Letter calling for removal from police board shouldn't have gone public right away, Browaty says

The former chair of the Winnipeg police board says he’s surprised and disappointed with the way Mayor Brian Bowman handled the board’s request for his removal last week.

North Kildonan councillor resigned as chair of police board last week following comments in December

Coun. Jeff Browaty says he felt like he had no choice but to resign from his position as chair of the police board after a letter from the board requesting his removal went public last week. (Jeff Stapleton/CBC)

The former chair of the Winnipeg police board says he's surprised and disappointed with the way Mayor Brian Bowman handled the board's request for his removal last week.

Coun. Jeff Browaty was out of town when the board's recommendation to remove him was made public last week, in the form of a letter addressed to Bowman.

On Wednesday, Browaty said he felt like he "didn't have an option" except to resign after the letter was released on Feb. 7.

"I was disappointed that the mayor's office felt that that statement had to be released publicly immediately," Browaty said.

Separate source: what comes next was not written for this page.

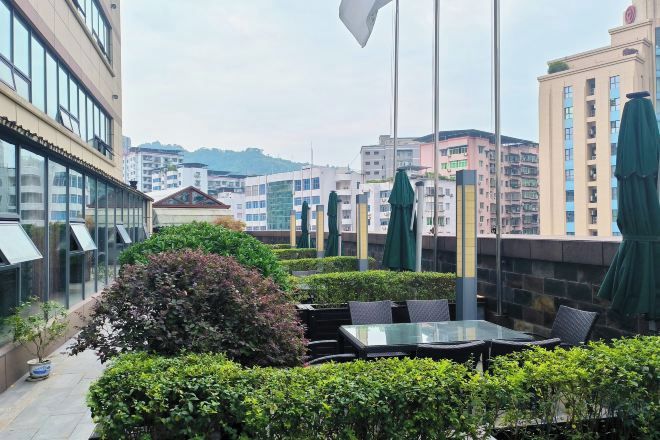 An outdoor seating area with tables and chairs, surrounded by greenery and overlooking a cityscape with buildings.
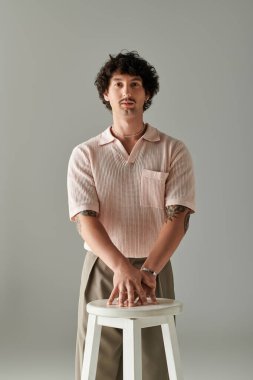 Yakışıklı genç adam kendine güveni olan bir taburede poz veriyor, çağdaş moda ve tarzı sergiliyor..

"I felt he had an opportunity to receive the recommendation, speak to me and consider it, but again, the mayor's instructions to the police board was to release it publicly."

Browaty says the letter would likely have gone public eventually, but he thought that should have happened after he had a chance to speak to Bowman face-to-face.

Bowman told reporters Wednesday the decision to make the letter public ultimately fell to the board itself, but he requested the board be transparent about concerns surrounding Browaty after members met with him privately in December.

"I asked them, if they were speaking for the board, that the board should speak and should raise their concerns in public, and be publicly accountable for their requests to me," Bowman said.

Comments prompted call for removal

The request followed comments Browaty made on the floor of city council in December, criticizing the cost of the city's plan to mandate a half-day training session on the legacy of residential schools for all city employees.

The sessions were announced last year as part of the city's efforts to implement the 94 recommendations of the national Truth and Reconciliation Commission.

Browaty made the comments on Dec. 14, but quickly recanted and apologized later that day.

The police board requested Browaty's removal after a recommendation from the Indigenous Council on Policing and Crime Prevention, which advises the board.

Last week, Bowman said he will now turn his attention to finding Browaty's replacement on the board.